フリード被告は昨年12月、約364億円(2億5千万ドル)の保釈金で釈放され、両親の家で監視下に置かれていたが、証人へ干渉しようとした疑いで8月11日よりふたたび収監されている。
今回は保釈が取り消され、再収監されてから初の出廷となった。なお、フリード被告は1月にもニューヨーク地裁において詐欺などの刑事告発について無罪を主張している。
弁護団の要請
フリード被告の弁護士を務めるマーク・コーエン氏は、刑務所の環境について申し立てた。
フリード被告は完全菜食主義者だが、刑務所にはビーガンの選択肢がないために、被告はパンと水しか摂取していないと主張している。また、注意欠陥・多動性障害の薬なども与えられていないと続けた。
また、別の弁護士クリスチャン・エヴァーデル氏は、フリード被告が証拠開示の際に作成された大量の文書を確認して分析するためには、インターネット対応のラップトップコンピューターを使用できる必要があると述べた。
現在の状況では、こうした能力が制限されているために、裁判に備える権利が剥奪されていると申し立てた形だ。
ダニエル・クドラ検事補は、インターネットへのアクセスについては、すでにカプラン判事の前で説明を受けており、カプラン判事は要請を拒否した経緯があると指摘した。
カプラン氏は、証人への干渉未遂という犯罪を結論付け、フリード被告の再投獄を命じた判事だ。
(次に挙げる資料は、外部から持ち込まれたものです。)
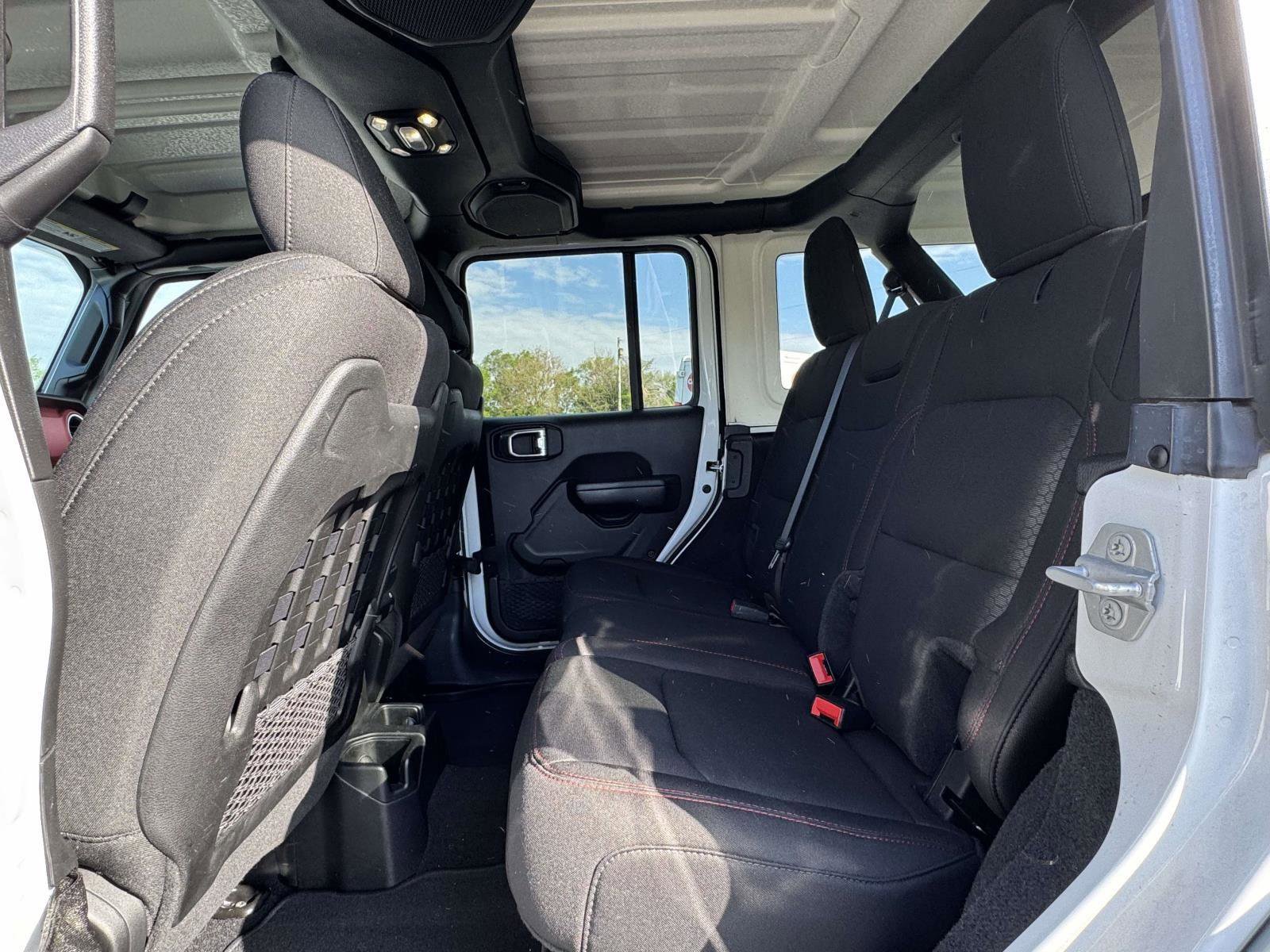 Used 2020 Jeep Wrangler Unlimited Rubicon AWD/4WD image 21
フリード被告がFTXの法務顧問と連絡を取ろうとしたことや、元恋人でFTX姉妹会社前CEOのキャロライン・エリソン氏が被告にあてた個人的な文章をニューヨーク・タイムズ記者に共有したことが犯罪を構成するとしていた。
なお、エリソン氏は、裁判でフリード被告に不利な証言をすることに同意した元FTX関係者3人のうちの1人でもある。カプラン判事は、再収監を決定する際に、インターネットについて却下していた経緯がある。
今回、公聴会を主宰したサラ・ネットバーン判事は、コンピューターへのアクセスに関するカプラン氏の決定を覆すつもりはないと述べた。一方で、拘置所にフリード被告に対する薬や食事の提供を改善してもらえるか検討するとしている。
FTXとは
バンクマン=フリード被告が率いていた仮想通貨取引所。2019年の創設後、急速に頭角を表し、業界最大手バイナンスに次ぐ大手取引所へと成長していた。その後に経営破綻し、昨年11月に破産申請を行なっている。
▶️仮想通貨用語集
裁判は10月より開始予定
フリード被告に対する裁判は10月初旬に始まる予定だ。
被告は、米司法省からは詐欺やマネーロンダリング、選挙資金の不正提供の容疑で、FBIからは、電信詐欺や商品詐欺、証券詐欺、連邦選挙委員会に関連した違反を含む複数の容疑で起訴されている。
検察側と弁護人側は21日に、裁判所に対して陪審員への説明案を提出したところだ。
その中で弁護人側は、顧客資金流用に関して、被告が詐欺の意図を持っていたわけではない可能性があると指摘していた。
もし被告が「ビジネス上の問題としてFTXがすべての顧客の出金要求に対応できると信じて行動していたのであれば、詐欺をするという意図を持って行動したわけではない」 と述べる格好だ。